### Given records

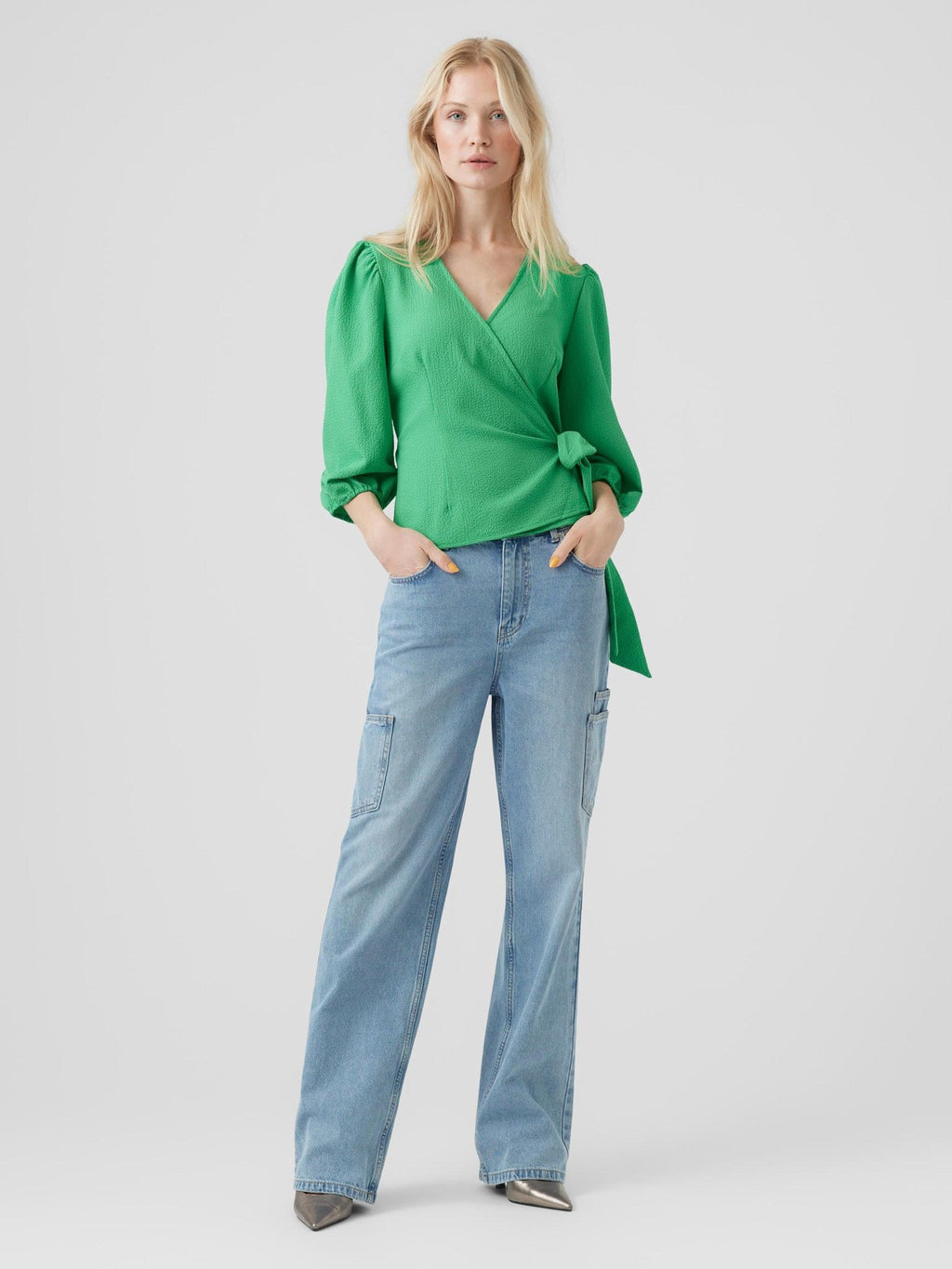 Pepper Aya Blus - Bright Green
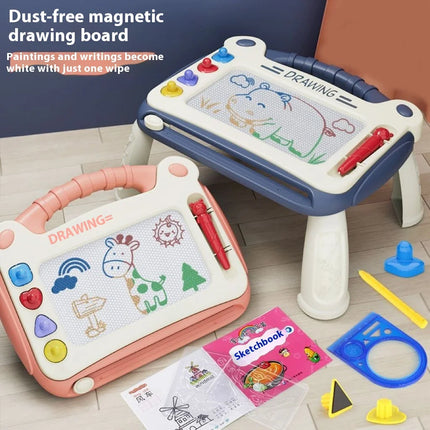 Children's Drawing Board Baby Magnetic Writing Board 1-3 Years Old Kidsren's Graffiti Painting Erasable Magnetic Home Drawing Toy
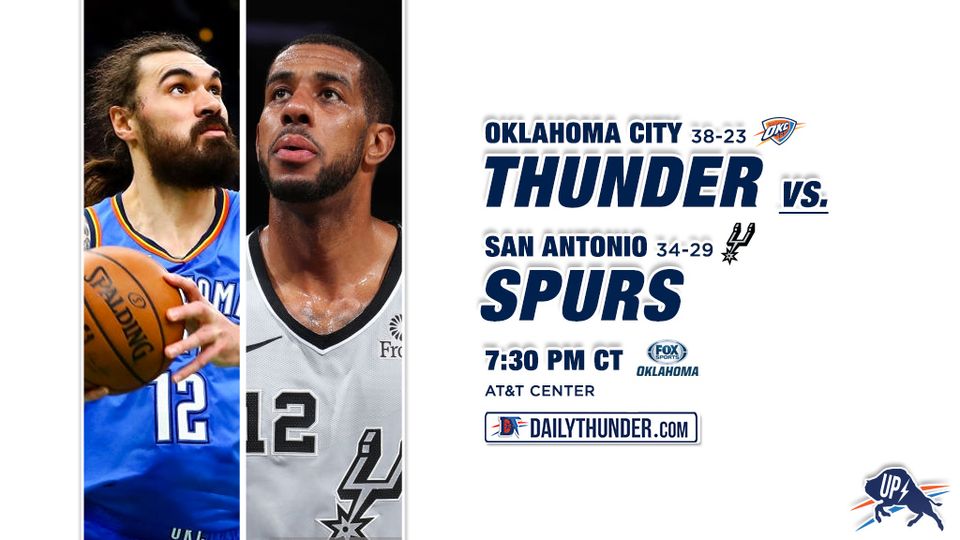Preview 62 of 82: Thunder @ Spurs
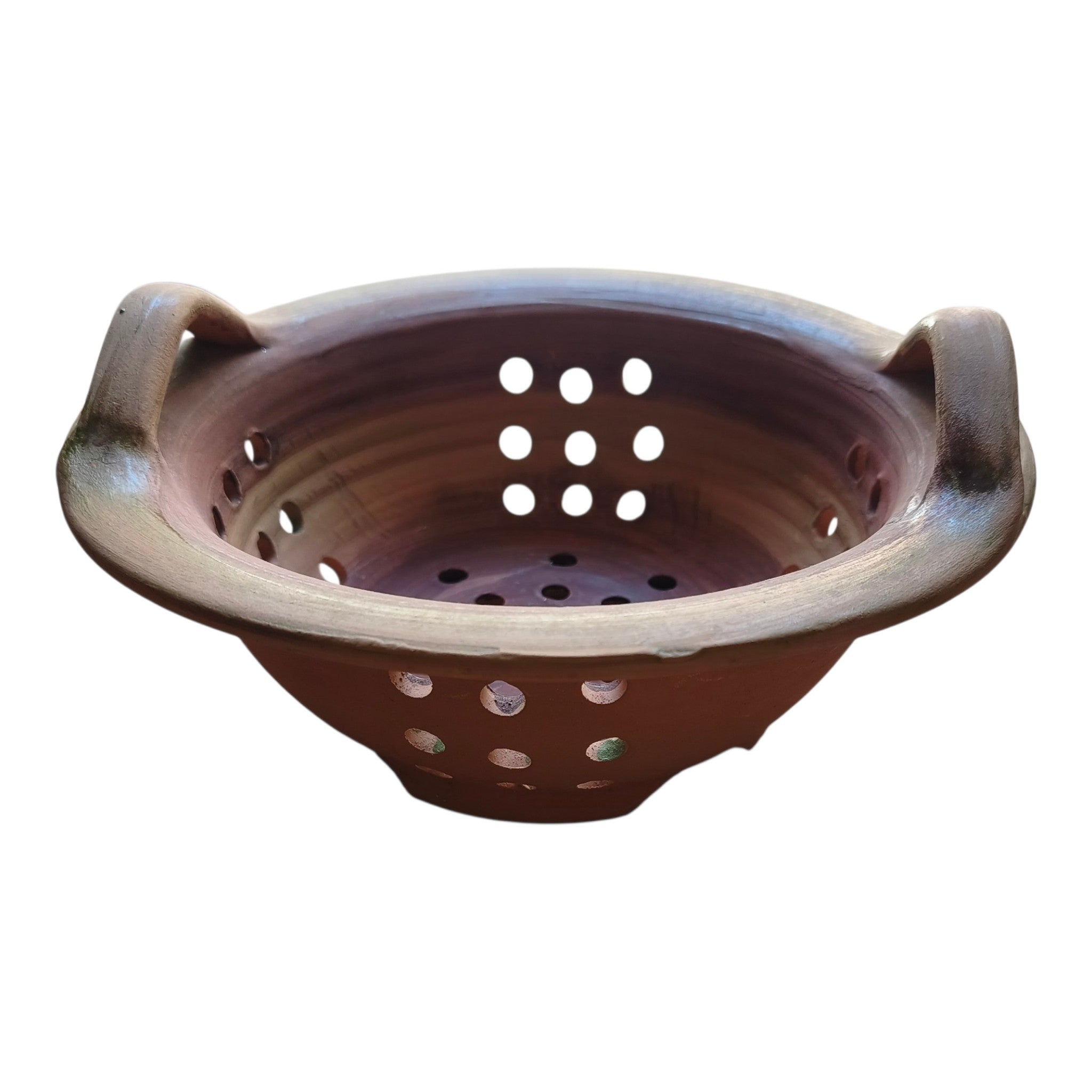 Scolapasta in ceramica dipinto a mano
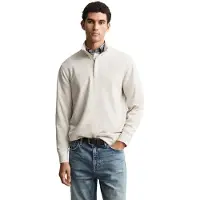 Gant Light Sacker Half Zip Sweatshirt Beige XL Homme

######

[Required work]: Copy all the lines of data exactly as they appear, dropping any images.

[Reply]:
 Pepper Aya Blus - Bright Green
 Children's Drawing Board Baby Magnetic Writing Board 1-3 Years Old Kidsren's Graffiti Painting Erasable Magnetic Home Drawing Toy
Preview 62 of 82: Thunder @ Spurs
 Scolapasta in ceramica dipinto a mano
 Gant Light Sacker Half Zip Sweatshirt Beige XL Homme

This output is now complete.